As successful activist investors can attest, transforming or ousting the board of directors when a company runs amok (or just runs afoul of expectations) can be one way to force change for the better. But what happens when an investor hit with horrific returns and redemption gates tries to round up fellow hedge fund shareholders to throw out the bums? Apparently very little — as a growing number of investors are beginning to figure out — because the fine print in a hedge fund charter usually makes it almost impossible for the ruling order to be overthrown.
“Some investors are finding out that even if they have support from their fellow shareholders, they do not have the collective power to remove the current board and appoint new, independent directors,” says Roger Hanson, a principal at Cayman Islands–based dms Management, a director-placement firm.
Hedge fund boards of directors have historically been known mostly for formalizing management decisions: approving compensation, signing off on annual statements and audits, deciding who can get into a fund. Management’s lesser-known powers — lesser known until recently, anyway — include imposing gates that keep investors from pulling their money.

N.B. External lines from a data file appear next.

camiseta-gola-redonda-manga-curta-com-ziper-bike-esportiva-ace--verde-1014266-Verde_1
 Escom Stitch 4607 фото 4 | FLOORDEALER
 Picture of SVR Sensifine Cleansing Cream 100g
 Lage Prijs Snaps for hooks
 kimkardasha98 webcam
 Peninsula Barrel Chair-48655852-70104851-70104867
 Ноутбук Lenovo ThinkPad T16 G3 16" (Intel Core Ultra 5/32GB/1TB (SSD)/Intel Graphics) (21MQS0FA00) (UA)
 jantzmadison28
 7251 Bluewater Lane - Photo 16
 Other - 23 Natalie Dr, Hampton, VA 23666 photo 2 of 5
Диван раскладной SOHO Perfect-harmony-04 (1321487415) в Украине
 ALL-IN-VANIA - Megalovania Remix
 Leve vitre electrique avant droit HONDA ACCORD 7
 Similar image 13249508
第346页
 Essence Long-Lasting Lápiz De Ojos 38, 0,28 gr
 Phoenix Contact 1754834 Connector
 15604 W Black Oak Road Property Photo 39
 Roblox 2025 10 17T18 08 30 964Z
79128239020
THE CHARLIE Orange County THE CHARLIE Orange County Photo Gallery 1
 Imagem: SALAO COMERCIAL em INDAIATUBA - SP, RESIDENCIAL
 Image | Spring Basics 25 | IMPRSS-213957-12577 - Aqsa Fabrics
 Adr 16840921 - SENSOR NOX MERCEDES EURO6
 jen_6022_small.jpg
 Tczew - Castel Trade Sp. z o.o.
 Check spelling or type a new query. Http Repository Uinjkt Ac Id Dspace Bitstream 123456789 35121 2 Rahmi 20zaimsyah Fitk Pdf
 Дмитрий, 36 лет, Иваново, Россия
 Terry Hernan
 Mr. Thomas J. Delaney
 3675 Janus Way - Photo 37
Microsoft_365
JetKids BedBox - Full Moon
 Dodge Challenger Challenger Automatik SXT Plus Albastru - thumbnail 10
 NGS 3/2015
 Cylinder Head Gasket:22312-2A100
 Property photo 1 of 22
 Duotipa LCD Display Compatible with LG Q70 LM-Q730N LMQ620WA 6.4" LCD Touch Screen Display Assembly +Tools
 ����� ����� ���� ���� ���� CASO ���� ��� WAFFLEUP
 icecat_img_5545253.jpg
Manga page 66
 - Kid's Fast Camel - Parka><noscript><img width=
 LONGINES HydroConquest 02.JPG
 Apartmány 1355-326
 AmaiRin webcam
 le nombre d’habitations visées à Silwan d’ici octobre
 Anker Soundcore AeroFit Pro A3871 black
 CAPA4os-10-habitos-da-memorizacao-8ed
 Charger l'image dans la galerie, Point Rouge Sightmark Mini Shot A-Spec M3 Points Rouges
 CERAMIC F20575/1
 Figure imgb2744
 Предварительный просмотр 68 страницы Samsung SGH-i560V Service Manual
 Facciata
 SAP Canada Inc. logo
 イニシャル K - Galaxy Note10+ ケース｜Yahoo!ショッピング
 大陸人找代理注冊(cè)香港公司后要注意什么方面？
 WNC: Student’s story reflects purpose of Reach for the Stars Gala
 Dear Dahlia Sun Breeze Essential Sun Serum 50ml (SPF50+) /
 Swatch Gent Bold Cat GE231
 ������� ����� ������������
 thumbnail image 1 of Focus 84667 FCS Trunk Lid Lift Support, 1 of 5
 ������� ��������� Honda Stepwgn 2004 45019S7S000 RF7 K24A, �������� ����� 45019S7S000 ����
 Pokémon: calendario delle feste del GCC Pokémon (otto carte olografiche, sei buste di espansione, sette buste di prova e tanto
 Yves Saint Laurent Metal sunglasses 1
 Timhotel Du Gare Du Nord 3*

Recourse ultimately rests in a fund’s articles of association, and they aren’t all the same. In some cases as few as 10 percent of investors can call an “extraordinary general meeting” — the first step in getting a majority to agree on a change. In other cases 75 percent support is required. To complicate things, many hedge funds have two main share classes: nonvoting ones and voting, or management, shares. The latter matter most, and they are usually owned by the very people shareholders are trying to dump.
Hanson says investors have traditionally failed to consider the fine print carefully enough, though he expects that to change.
“Investors will begin to perform some articles-of-association due diligence to ascertain their ability to change the composition of the board of directors should they ever feel that it might be in their best interest to do so,” he says. “I don’t think it is something that will be taken for granted going forward.”